Maui Girl

These stories from Donna Austin come from her rich Maui history and heritage.

18 August 2006

Sandwich Islands: Story Five

“Rose, tell us your story!” begged Flora, who hadn’t forgotten about the tale Rose had promised.
“Yes!” chimed the other children, “Tell us about the parrot”
Rose smiled her sweet smile and her eyes twinkled in the candlelight.
“Well, once father took me to the dock with him when I was 6 years old. He had brought a load of corn, bananas, and mangoes to trade with the sea captains in Kahalui Harbor. He left me on the wharf, while he did his bargaining and I wandered around drinking in all the strange sights and smells and sounds. Sailors were stacking boxes of tea and coffee, bales of material and piles of salt cod. I saw a load of Chinese men, wearing pointed hats, come down the ramp of the ship. They looked bewildered and homesick.

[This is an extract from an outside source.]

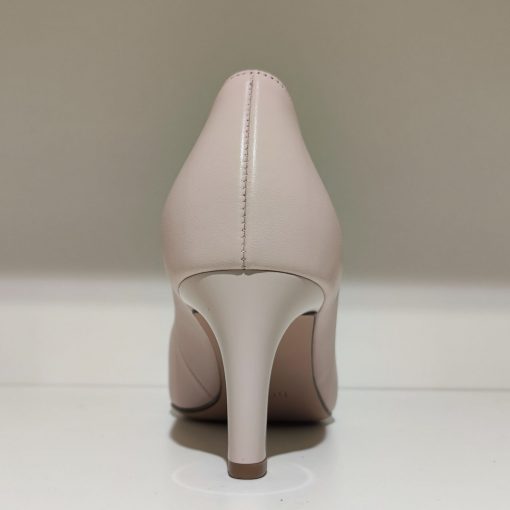 Högl Pumps Boulevard 60 light nude – Bild 3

I felt sorry for them because I know they would be working 26 days a month, 9 hours a day, for only $3 a month. That was barely enough to buy soap and clothes and still save enough to escape bondage some day. If they tried to run away, they were thrown in jail for breaking their contract. I wondered how they could ever better their situation.”

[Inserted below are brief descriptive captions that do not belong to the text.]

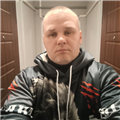 АНДРЕЙ К. avatar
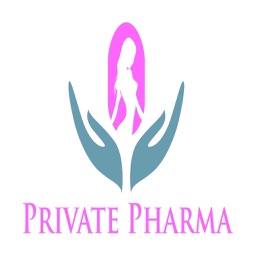 Private Pharma Ltd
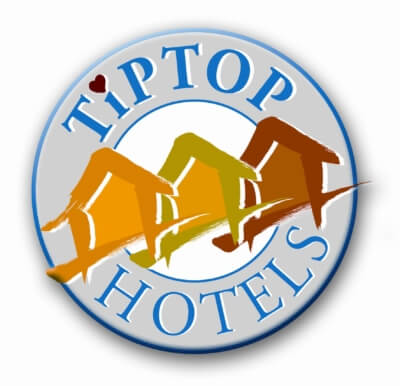 TipTop Hotels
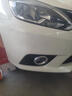 駿諾車品自噴漆專用日產(chǎn)經(jīng)典軒逸補漆筆汽車劃痕修復(fù)神器自噴漆去刮痕修補 NS-135珠光白/珍珠白 軒逸/經(jīng)典 專用自噴漆套裝 曬單實拍圖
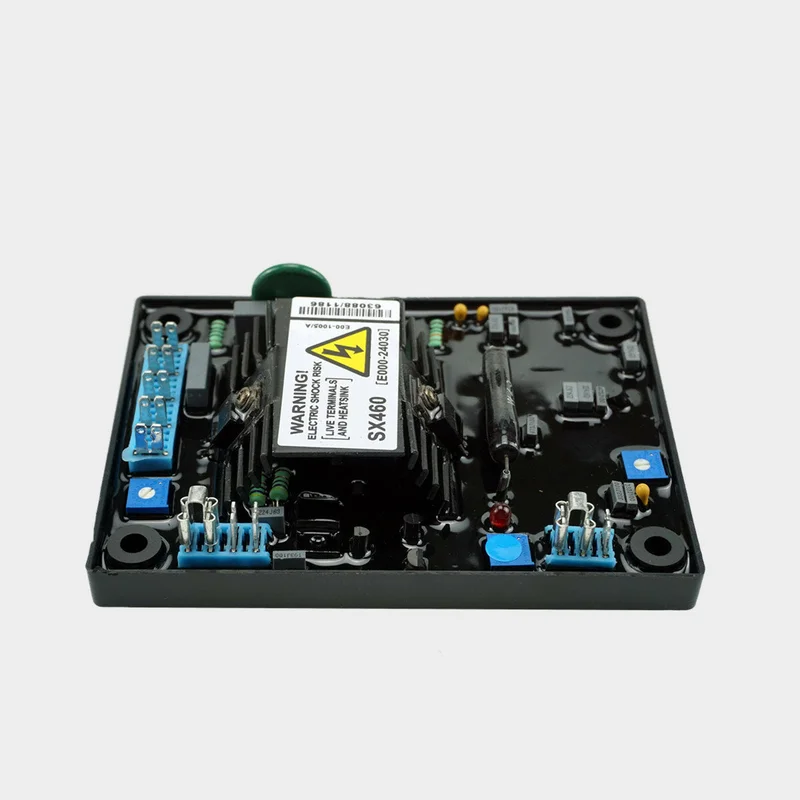 allesxl2376428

“As I meandered around, enjoying the sounds of all the different languages, German, English, Chinese, Portuguese, Japanese, I heard some very loud squawks coming from a slatted crate. Being very curious, I walked around the box to see what was inside and was astounded to behold the strangest, most colorful bird, I have ever seen in my life. He was beautiful and seemed to know it. When he saw me looking at him, he fluffed and preened his colorful red, orange and green feathers for my inspection. He strutted on his perch and turned his head full circle, keeping his beady black eyes on me the whole time.”
“A passing sailor stopped when he saw me gazing at the bird, wide eyed with admiration.

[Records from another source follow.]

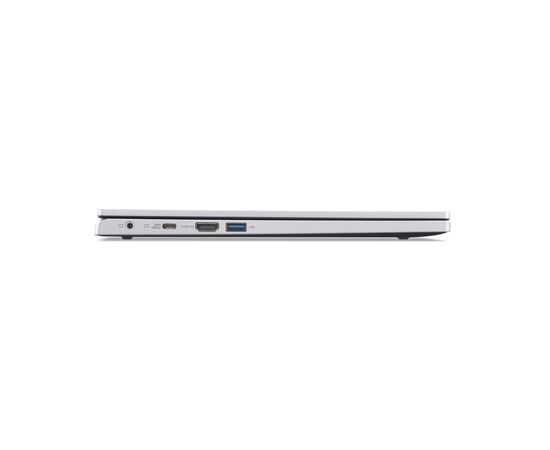 Ноутбук Acer Aspire 3 A315-24P (NX.KDEEU.00Q), изображение 9 Ноутбук Acer Aspire 3 A315-24P (NX.KDEEU.00Q), изображение 9
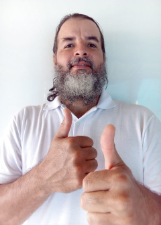 Foto de JOCICLEY HONÓRIO FERREIRA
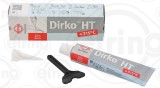 ELRING 036.164 Dirko HT Garnitura, capac supape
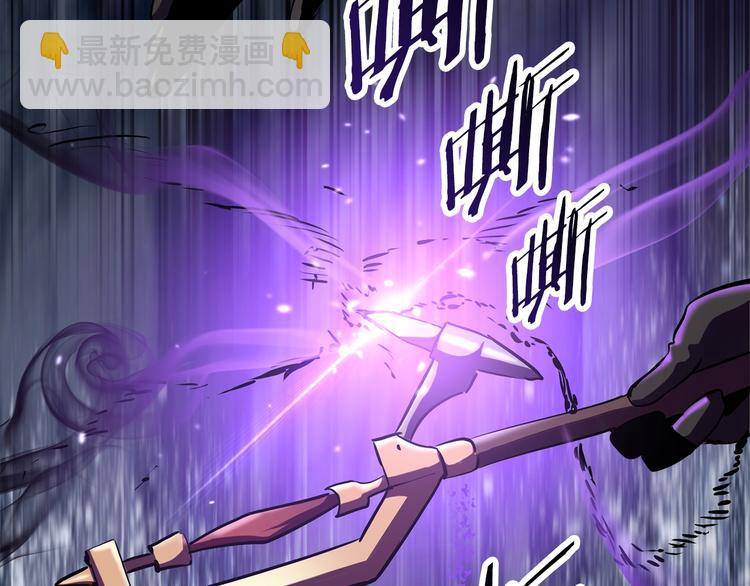 第66话 梦&本能137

“Say little girl, don’t put your finger near his cage. He may be beautiful, but he’s ornery and mean. Have you ever seen a parrot before? He’s the sailors pet mascot, and their lucky charm”.
I shook my head and said, “No, I’ve never seen a parrot before and thank you for the warning.” Then I carefully stepped back.
Just as I started to turn away, the bird astonished me further by saying, “Hello, how are you?” Amazement and disbelief warred inside my head. But the sailor assured me that it really was the parrot talking and not a ventriloquist or the work of the devil.
The sailor explained that “He doesn’t know what he’s saying, he just rattles off words he’s heard before. He is what you call a mimic or copy cat.”
Then the sailor left, whistling a Portuguese sea chantey. Timidly I said to the parrot, “Hello, what is your name? My name is Rose.”
The parrot promptly mimicked me and said, “Hello, my name is Rose! My name is Rose! My name is Rose! And then he started whistling the sea chantey I had just heard from the passing sailor.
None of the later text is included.